Reviewing Criteria - acm-toce/documentation GitHub Wiki

Below we discuss the criteria that all reviewers and Associate Editors should use to evaluate research submissions and why we use those criteria. For a paper to be accepted, it should generally meet all four of these criteria well. Meeting any one criterion poorly is grounds for rejection. Many of these criteria and guidelines overlap with the recommendations by Heckman et al. 2022, which offers helpful recommendations and reviewing rubrics, as well as Brooke C. Coley, Denise R. Simmons, and Susan M. Lord's Dissolving the margins: LEANING INto an antiracist review process.

Grounding in Prior Work

The submission is grounded in relevant prior work.

Papers should both cite relevant prior work and explicitly show how it relates to the paper’s research questions.

This includes any available theory, which can be an informative guide in shaping a research question. If there’s theory that’s relevant to a submission, the submission should discuss it. That said, not all types of research will have relevant theory to discuss.

This also includes citing work that is repeatedly ignored, including work by scholars of color, and other scholars whose identities are marginalized. Such works are often systematically ignored and dismissed, and so papers need to give extra attention to not ignoring these discoveries, theories, and insights.

After reading the paper, you should feel more informed about prior literature and how that literature is related to the paper’s contributions. Such coverage of related work might come before a work’s contributions, or it might come after (e.g, connecting a new theory derived from observations to prior work). Don't worry about exactly where it is placed; the important thing is that the work is done in the context of the most relevant prior discoveries.

Identify related work the authors might have missed and include it in your review.

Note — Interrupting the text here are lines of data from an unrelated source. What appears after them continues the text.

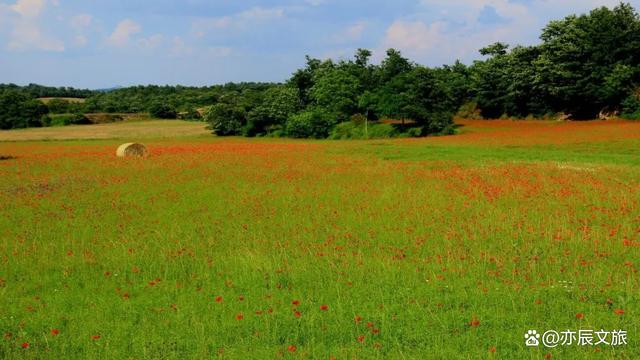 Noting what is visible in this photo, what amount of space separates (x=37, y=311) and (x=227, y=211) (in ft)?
31.7

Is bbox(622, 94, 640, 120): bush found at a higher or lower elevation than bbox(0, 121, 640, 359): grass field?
higher

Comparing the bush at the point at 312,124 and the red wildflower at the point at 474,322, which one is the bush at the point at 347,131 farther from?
the red wildflower at the point at 474,322

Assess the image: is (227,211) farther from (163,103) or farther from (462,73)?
(163,103)

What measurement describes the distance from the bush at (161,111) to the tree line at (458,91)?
28.6 meters

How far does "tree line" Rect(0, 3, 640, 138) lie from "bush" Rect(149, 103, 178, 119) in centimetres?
2865

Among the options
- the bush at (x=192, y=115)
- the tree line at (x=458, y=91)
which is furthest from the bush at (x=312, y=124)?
the bush at (x=192, y=115)

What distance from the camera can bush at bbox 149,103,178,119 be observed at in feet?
425

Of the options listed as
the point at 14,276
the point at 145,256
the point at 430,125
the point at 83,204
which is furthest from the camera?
the point at 430,125

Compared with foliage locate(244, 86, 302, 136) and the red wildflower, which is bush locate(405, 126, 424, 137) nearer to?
foliage locate(244, 86, 302, 136)

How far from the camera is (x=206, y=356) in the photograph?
754cm

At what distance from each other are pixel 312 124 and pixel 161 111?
60243 millimetres

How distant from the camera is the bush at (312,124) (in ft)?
274

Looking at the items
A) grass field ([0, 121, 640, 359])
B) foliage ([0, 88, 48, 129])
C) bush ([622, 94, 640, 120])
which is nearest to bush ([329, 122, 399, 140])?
bush ([622, 94, 640, 120])

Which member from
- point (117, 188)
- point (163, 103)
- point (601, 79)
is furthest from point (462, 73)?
point (117, 188) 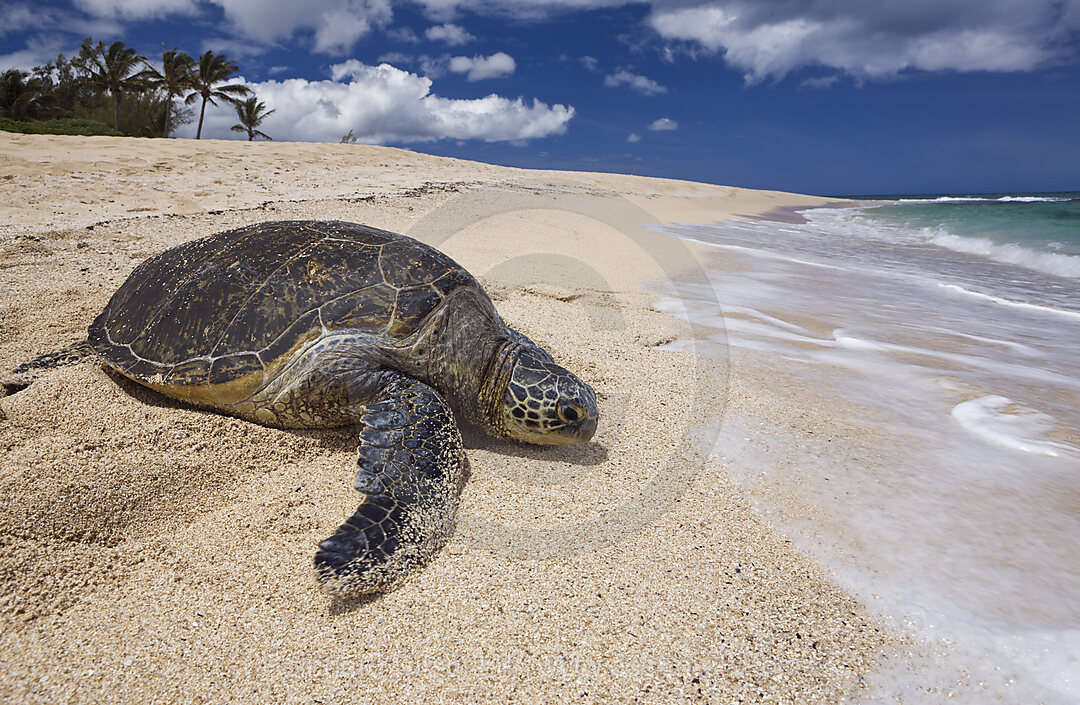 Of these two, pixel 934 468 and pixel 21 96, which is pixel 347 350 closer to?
pixel 934 468

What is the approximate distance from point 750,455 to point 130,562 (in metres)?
2.63

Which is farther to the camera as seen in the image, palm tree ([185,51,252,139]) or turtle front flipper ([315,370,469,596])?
palm tree ([185,51,252,139])

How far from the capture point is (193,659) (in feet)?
4.99

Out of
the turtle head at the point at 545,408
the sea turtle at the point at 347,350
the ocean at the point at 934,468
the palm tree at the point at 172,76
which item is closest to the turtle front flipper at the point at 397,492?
the sea turtle at the point at 347,350

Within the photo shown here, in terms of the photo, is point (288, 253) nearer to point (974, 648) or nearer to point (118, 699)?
point (118, 699)

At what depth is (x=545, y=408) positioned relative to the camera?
2682 millimetres

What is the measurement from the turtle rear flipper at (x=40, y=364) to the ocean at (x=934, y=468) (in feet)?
11.5

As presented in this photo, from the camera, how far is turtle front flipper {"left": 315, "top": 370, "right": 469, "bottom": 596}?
181cm

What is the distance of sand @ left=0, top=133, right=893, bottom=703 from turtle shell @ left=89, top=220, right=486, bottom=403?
22 cm

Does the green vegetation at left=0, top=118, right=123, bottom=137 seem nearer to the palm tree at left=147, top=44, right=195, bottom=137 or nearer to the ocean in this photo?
the palm tree at left=147, top=44, right=195, bottom=137

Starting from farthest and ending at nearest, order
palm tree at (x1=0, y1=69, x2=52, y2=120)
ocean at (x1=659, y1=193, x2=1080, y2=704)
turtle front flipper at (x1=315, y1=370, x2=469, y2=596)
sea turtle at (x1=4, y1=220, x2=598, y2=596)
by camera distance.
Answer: palm tree at (x1=0, y1=69, x2=52, y2=120) < sea turtle at (x1=4, y1=220, x2=598, y2=596) < turtle front flipper at (x1=315, y1=370, x2=469, y2=596) < ocean at (x1=659, y1=193, x2=1080, y2=704)

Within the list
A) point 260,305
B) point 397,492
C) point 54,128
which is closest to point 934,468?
point 397,492

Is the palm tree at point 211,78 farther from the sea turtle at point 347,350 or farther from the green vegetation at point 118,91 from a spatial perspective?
the sea turtle at point 347,350

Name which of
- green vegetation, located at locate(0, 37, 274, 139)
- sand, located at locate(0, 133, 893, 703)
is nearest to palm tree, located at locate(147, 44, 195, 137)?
green vegetation, located at locate(0, 37, 274, 139) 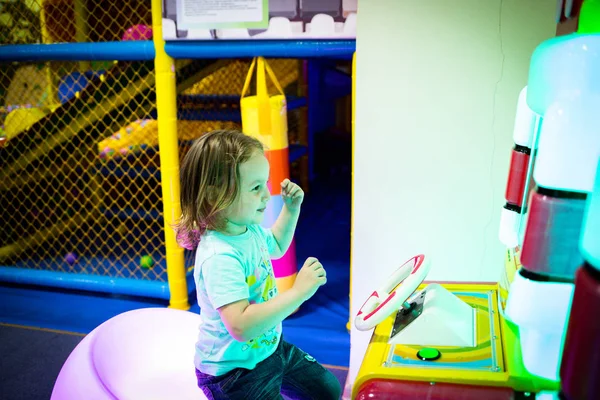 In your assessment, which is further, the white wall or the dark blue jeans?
the white wall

Missing a paper that is relevant, but would not dramatically change the paper, is not sufficient grounds for rejecting a paper. Focus on missing prior work that would significantly alter research questions, analysis, or interpretation of results.

Do not critique work for...

Missing 1 or 2 peripherally related papers. Just note them, helping the authors to broaden their citations.
Not citing your own work, unless it really is objectively highly relevant.
Not having a related work section. Sometimes a dedicated section is appropriate, sometimes it is not. Sometimes prior work is better addressed at the end of a paper, not at the beginning.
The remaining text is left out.